No Klingons in this book, set in Astoria, Oregon, where in my mind the Goonies are the only kids good enough to have a book (or movie) about them. But there are apparently vampires. And werewolves. And witches. And one highly-strung high schooler who has to visit the potty on a put-near constant basis. She’s a minor character, friend of Cat Colvin, the book’s central cardboard cutout, but even Cat with the typical red hair and the typical color-mismatched eyes and penchant for finding every male who isn’t in the book as comic relief, as her father, as the foil, or as the boring, menacing school teacher is dreamy, a god, a massive hunk o’ hotness and whatever other adjectives or adverbs the authors can use gets upstaged by her friend’s overactive bladder. I almost expected a potty-related heroic end to this tale, but alas, in that realm as well the authors C.A. Kunz disappoint.
I have to agree with Nathan Bransford when he says ideas aren’t sacred. “Absolutely try to be yourself and put your own unique spin on whatever ide you have,” he says, “but don’t go for broke trying to think of something completely different than anything that has been done before. What’s most important is the reality of your execution.”
So the idea of vampires battling werewolves or witches or whatever (the authors are a bit hazy with the detail, hoping you’ll continue reading in the series of books they’ve written; I won’t be) is hackneyed, but, according to Bransford, a former literary agent and current author, the idea is to focus on the reality of your execution.

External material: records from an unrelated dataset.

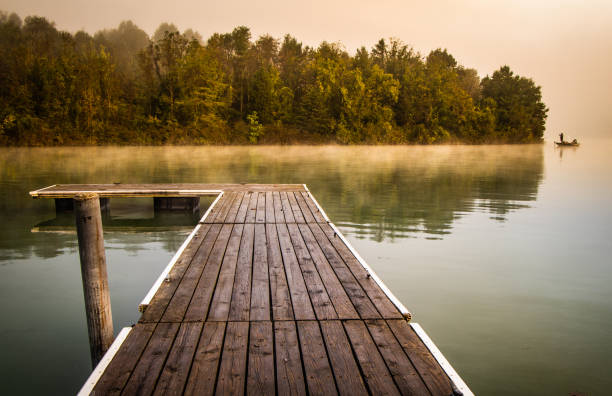 Misty morning at the dock stock photo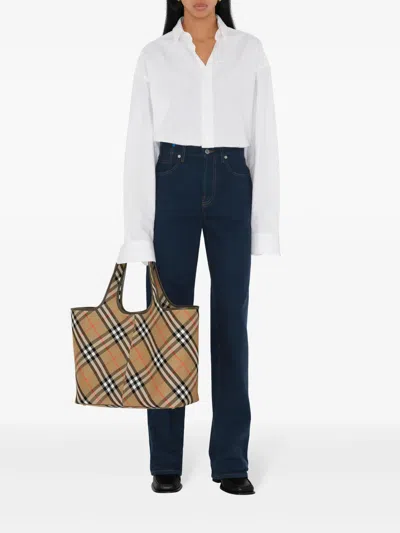 Burberry Check Pattern Tote With Calfskin Trim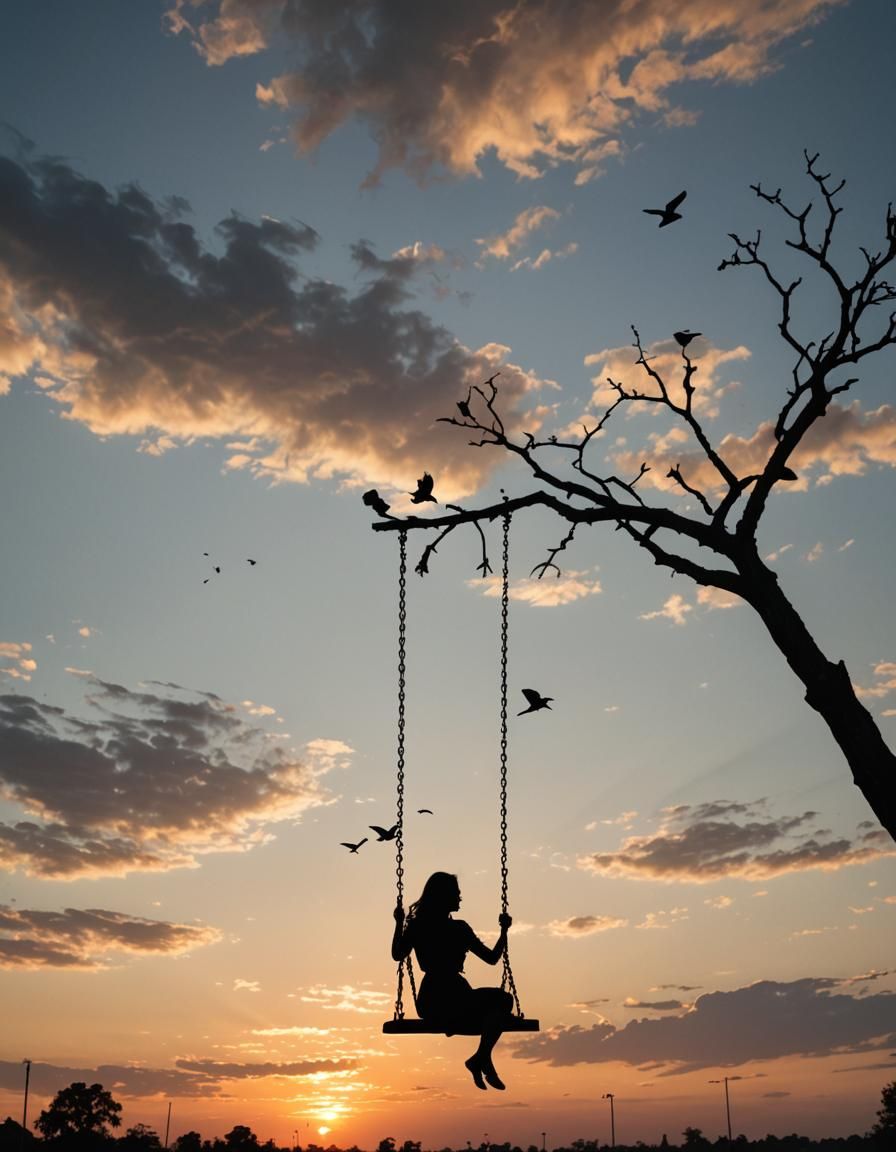 Silhouette of a girl sitting on a swing against a sunset sky...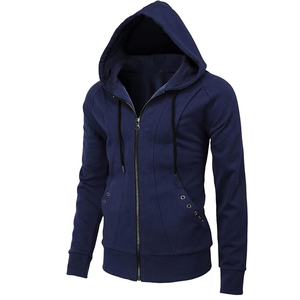 Nouveaux sweats à capuche décontractés pour hommes, zippés, épais, respirants, à motif uni, personnalisables, en polyester/coton - Product Image 3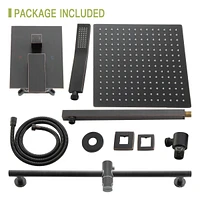 Oil Rubbed Bronze Rain Shower System with Adjustable Slide Bar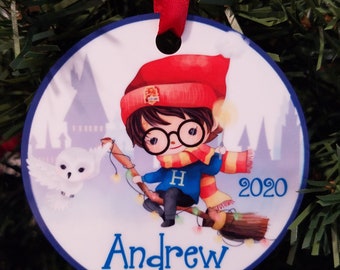 Custom personalized designed wizard inspired ornament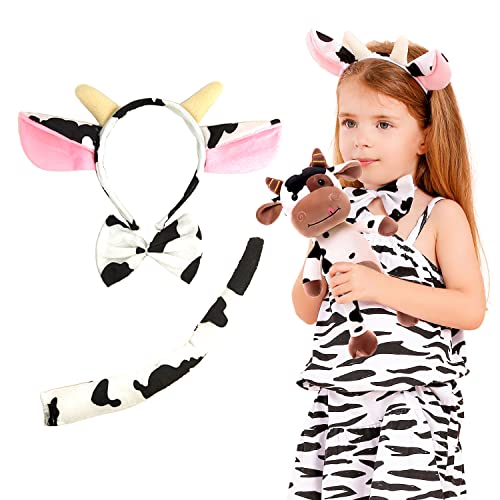 JeVenis Kostüm Set Kuh für Erwachsene Haarreif Bauernhof Kostüm Ohren und Hörnern Handschuhe Fliege und Schwanz Cow Costume Cosplay von JeVenis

There’s no execution in The Childe. It’s all a derivative mish-mash of things I’ve read (like the Harry Potter series) and things I have not (the ever-present Twilight). When Cat’s at school, visiting the mysterious village of witches with favorite teacher Amaya or battling with the ugg-iest teacher Mr. Crawley, she’s at Hogwarts. A really boring Hogwarts where characters that all sound alike are either menacing or friendly or – if they were like me in high school – completely invisible. Cat’s a champ on the swim team, fights with the popular kids, gets involved in boring high-school hijinx and is otherwise one of the background Harry Potter characters because you don’t really care what happens to her, rather you sit waiting for another bladder attack. And when Cat is longing for Dr. Bane or Ryan Beckford, her dreamy tutor in Algebra who also happens to be buddies with the enemy, she’s all Twilighty as Cat ponders and ponders their dreaminess until they – ooh kiss – leaving the average reader actually hoping for the next bladder emergency.
So, the goal here is not to trash C.A. Kunz, but to look at my own writing and make sure fewer people – I won’t say no one, because, hey, that won’t happen – trash it for the same reasons. With NaNoWriMo 2012 starting tomorrow, this is going to be in the forefront of my mind as I babble.